Parallel query processing is a standard tactic to service analytical queries on large database [5, 13, 15]. A parallel database system is composed of multiple processing nodes, each of which executes the processing of an assigned part of a given query in parallel. This approach has been actively studied in academia and widely deployed in industry.

A major drawback of such parallel processing is that query processing becomes vulnerable to node failures [17]. As database accommodates larger data, an increased number of processing nodes are often incorporated into the database system. This approach performs well to increase the parallelism. At the same time, it causes a higher aggregate probability of node failure. A relational query is often composed of one or more pipelined operators, each of which can hold an internal execution state. For example, an aggregation operator keeps its in-process data in the memory buffer. If a processing node fails during query processing, the database system loses such an execution state held in the failed node. The system needs to restart the query from ground zero, no matter how far the process has progressed at the point of failure. This time penalty is likely to be unacceptable, particularly for users who run hour-long or day-long analytical queries.

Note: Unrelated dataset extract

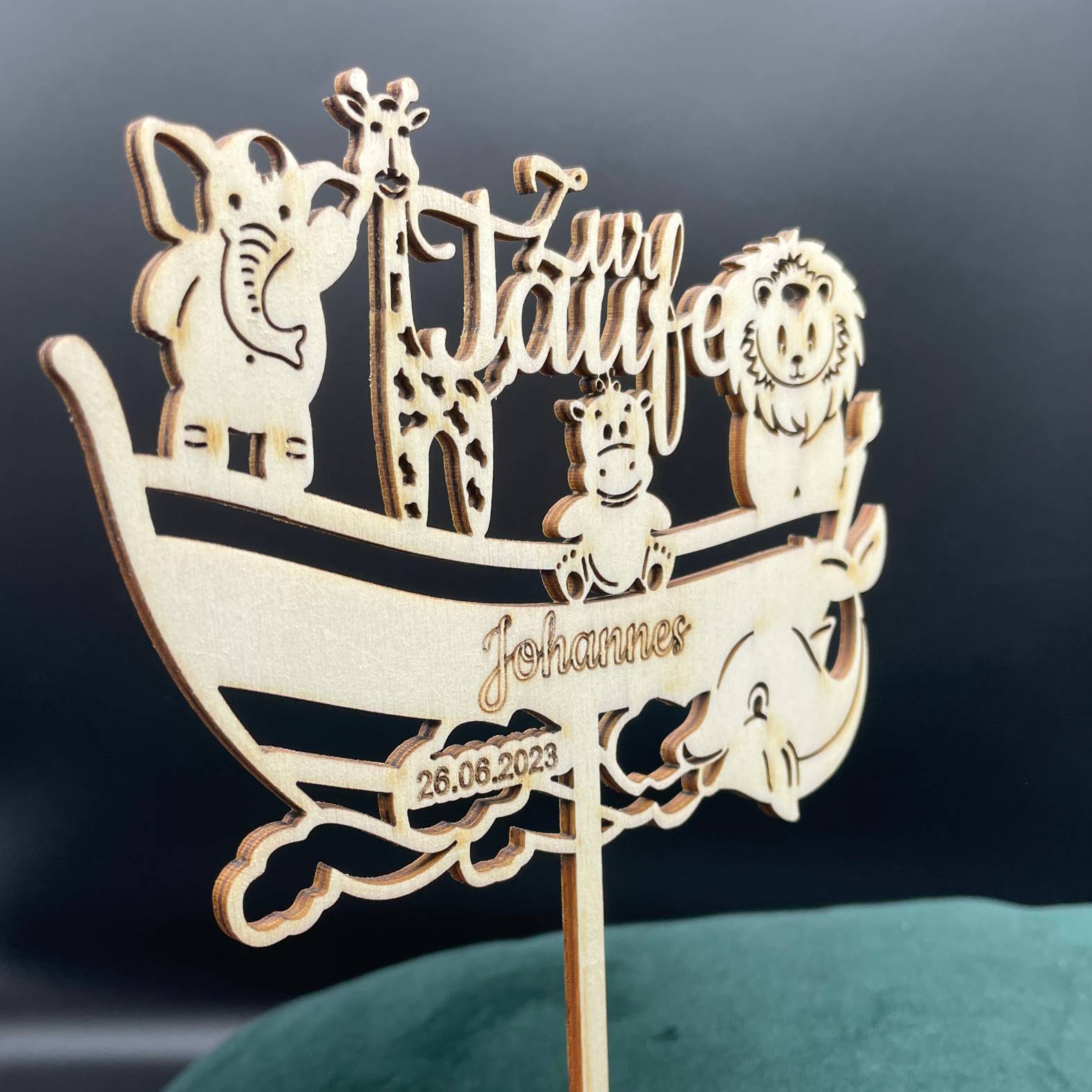 CAKE TOPPER Taufe "Arche Noah" mit Wunschname und Datum personalisiert - Tortendeko & Kuchendeko - FOTOFOL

This paper proposes PhoeniQ, a novel fault-tolerant query processing mechanism for analytical parallel database systems. The technical points of PhoeniQ are two-fold. First, PhoeniQ takes a package-level checkpoint for every operator pipeline. Second, it replicates the output of stateful operators among different processing nodes. If a single processing node fails during query processing, another node is enabled to resume the execution state of the failed node, so that the query can continue to run. This paper presents an intensive experiment that we performed with our prototype in a public cloud infrastructure. The experimental result demonstrates that PhoeniQ can continue the query processing in the face of node failure with a significantly smaller time penalty than the conventional approach.

The rest of this paper is structured as follows. Section 2 presents a design overview of PhoeniQ, and Sect. 3 offers a technical deep-dive. Section 4 provides prototype-based experiments in a public cloud environment. Section 5 reviews related work and Sect. 6 concludes the paper.

Fig. 1.
figure 1

Execution comparison. PhoeniQ takes a package-level checkpoint for every operator pipeline and replicates the output of tail (sometimes stateful) operators among different processing nodes.

2 Overview of PhoeniQ

First of all, we present a design overview of PhoeniQ, a novel fault-tolerant query processing mechanism for analytical parallel database systems. Figure 1 highlights PhoeniQ by comparing it with the conventional execution mechanism. In this paper, we assume a shared-storage architecture [14] for simplicityFootnote 1. As Fig. 1(a) illustrates, a parallel database system is composed of a single storage node that stores the entire database and multiple processing nodes that process query operators by fetching data from the storage node. According to the query execution plan generated from a given query, a set of pipelined operators are assigned to each node. The first operator in the pipeline is mostly a scan operator that fetches tuples from the storage node, processes them, and passes output tuples to its next operator. The next operator similarly processes received tuples and passes its output tuples to its next operator. Such data flow may travel over multiple processing nodes via the network connection. Finally, the last operator (which we refer to as the tail operator in this paper) generates the result of the operator pipeline; the result is often buffered in the memory to be shipped to the user or another operator pipeline or stored in the memory to be accessed later. Note that the tail operator can be stateful, while the other operators are stateless.

Assume that one processing node fails during query processing. The failed node loses intermediate data flows traveling on the node at the moment of failure. Worse, if some operators hold runtime execution states, such data is also lost and the system can no longer continue the query processing. In conventional practice, the database system terminates all the processing whenever a node failure happens, and restarts the query from scratch. This naive solution works, but all the work done so far gets discarded no matter how far the process has progressed. This restarting strategy obviously incurs a significant time penalty.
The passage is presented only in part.